Feature, Volume 2, 2014

Prof Ding Yuan

Noting the significance of the purchase for the Chinese car company, Prof Ding explained that the key lies in whether Dongfeng can give full and effective play to its rights as a shareholder, and push Peugeot Citroen to shift its focus to emerging economies. An added challenge is whether Dongfeng can incorporate Peugeot’s core technologies into its own operations and that of its joint ventures. To do this, Dongfeng has to think long and hard about the stance and interests of the various parties concerned: including the French government, trade union and the board of directors. Prof Ding pointed out that France is, traditionally, a country that believes in mercantilism and even in private family businesses, the government still has tremendous influence. Even within the new board, some believe it will be difficult for Citroen to turn a profit, and the jury is still out on whether Dongfeng can obtain Citroen’s technologies.

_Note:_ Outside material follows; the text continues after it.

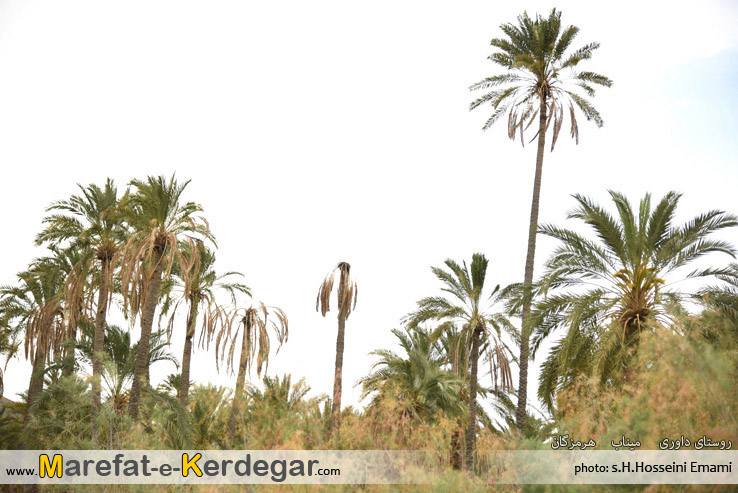 طبیعت میناب طبیعت میناب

Speaking in his capacity as Director of CEIBS’ Research Centre on Globalisation of Chinese Firms, Prof Ding also explained the reason for Chinese firms’ frenzy of overseas acquisitions. Since its launch in February 2013, the Centre has found that Chinese enterprises have now hit a developmental bottleneck with the ageing of China’s population, the rise in labour costs, and the appreciation of the RMB. The profit margin in low-end markets, once enjoyed by China’s enterprises, has been squeezed and many companies are looking for new ways to turn a profit. They are now looking overseas for better resources, technology and established brands. This is quite different from the transnational companies rooted in developed countries, as they have been infiltrating other markets with their mature technology and brands. There is greater risk in China’s model than in the market-driven acquisitions by Western companies, hence the greater difficulty of management.

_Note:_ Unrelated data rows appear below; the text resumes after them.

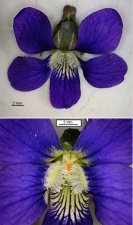 Violette papilionacée-la fleur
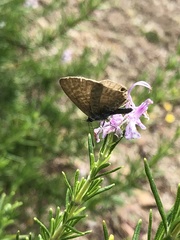 Leptotes pirithous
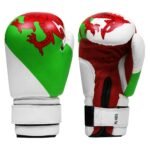 Professional Cowhide Sparring Gloves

Last June, Prof Ding paid close attention when CEIBS alumni enterprise Jinsheng Group (Jiangsu) purchased all the equity and assets of Oerlikon Group’s natural fibre and textile component business. He witnessing both the collaboration and clashes between the Chinese and Western management teams during the integration process. Prof Ding pointed out that in these deals the foreign and Chinese companies’ expectations of the acquisition are usually different: foreign companies are mostly negative about the old company’s growth prospects, while Chinese companies expect a “pie to cake” transformation, and their hope of realising this transformation lies in China, where they have both the capital and the market. If Chinese companies can combine these two advantages (capital and market) with the management abilities of foreign companies, the corporate value will manifest itself with a better and larger Chinese market, while other markets can be kept from dwindling.

In summarising the successes and failures of China’s overseas acquisitions, Prof Ding noted that one major reason for failure is Chinese companies’ traditional focus on visible assets coupled with their ignorance of invisible assets. This occurs not only at the corporate level, but also at the level of financing, etc. Another factor is Chinese companies’ lack of experience in running multi-cultural transnational companies, an issue that can only be resolved over time and with patience. The key to success, he said, is “choosing the best” – forging a culturally transparent team among the newly formed company, with all participants having common interests and objectives. One example of a deal that worked, he said, was the collaboration between ICBC and South Africa’s Standard Bank.